What is the significance of the findings in this publication?
The bacterial flagellum is a complex multi-component structure including a whip-like appendage, the flagellar filament, which is composed of approx. 20,000 protein units (flagellins) that link up together and form a structure of about 10 micrometers in length. We discovered and characterized a new family of flagellins that encompass a surface exposed enzymatically active protease domain.
Bacteria use this domain by embedding proteolytically active flagellins, which we termed flagellinolysins, in the flagellar filament. There are thousands of these protease domains per flagella, making this one of the largest enzyme structures known. Now, this new type of flagella is capable of digesting proteins in the bacteria’s environment including biofilms and animal or human tissues.
As these flagella sweep the bacteria along, the proteolytic flagella can dissolve the proteinaceous material nearby. This may improve the movement ability of the bacteria to “drill” through its environment or to invade tissues in infection. The protein breakdown products may also be “eaten” to nourish the invading bacteria.
This finding updates the long-held view that bacteria use their flagella mostly for movement, and demonstrates that flagella can also function as gigantic enzymatic complexes. This also improves our understanding of how these organism and related pathogens cause disease. This may suggest new ways to treat or slow down bacterial infections. Furthermore, there may be ways of using these enzymes and/or the flagella-scaffold in biotechnology to specifically degrade things we want to break down, including pathogenic biofilms, which are associated with more than 80 per cent of infections.

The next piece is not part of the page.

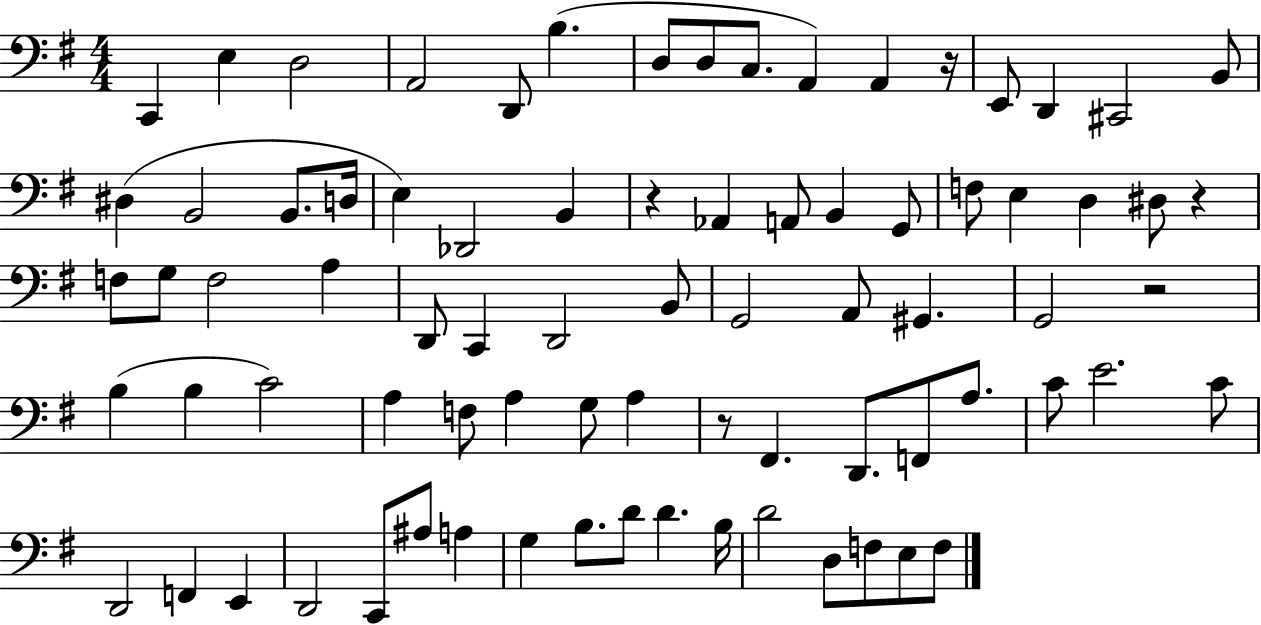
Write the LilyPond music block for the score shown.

What are the next steps for this research?
Our discovery of proteolytically active flagellins (flagellinolysins) opens many new research avenues in biomedical research. TAILS N-terminomics, one of the key proteomic methods developed in the Overall Lab at UBC, will identify substrates both in bacterial biofilms and animal hosts to discover new host-pathogen interactions. Structural studies using X-ray crystallography will reveal atomic details of substrate recognition by the proteases, and will help rational drug design. Finally, gene knock-out studies will be used to explore the evolutionary advantage of proteolytic flagella and the impact on pathogenicity and virulence will be examined.
This research was funded by:
This work was supported by a postdoctoral fellowship from the Michael Smith Foundation of Health Research (MSFHR) to Ulrich Eckhard, an Internal Collaborative Training Award from the UBC Centre for Blood Research to Giada Marino, a Canada Research Chair in Protease Proteomics and Systems Biology (Prof. Christopher Overall), and project grants from the Canadian Institutes of Health Research (CIHR), the Natural Sciences and Engineering Research Council of Canada (NSERC), as well as with infrastructure grants from the MSFHR and the Canada Foundation for Innovation (CFI).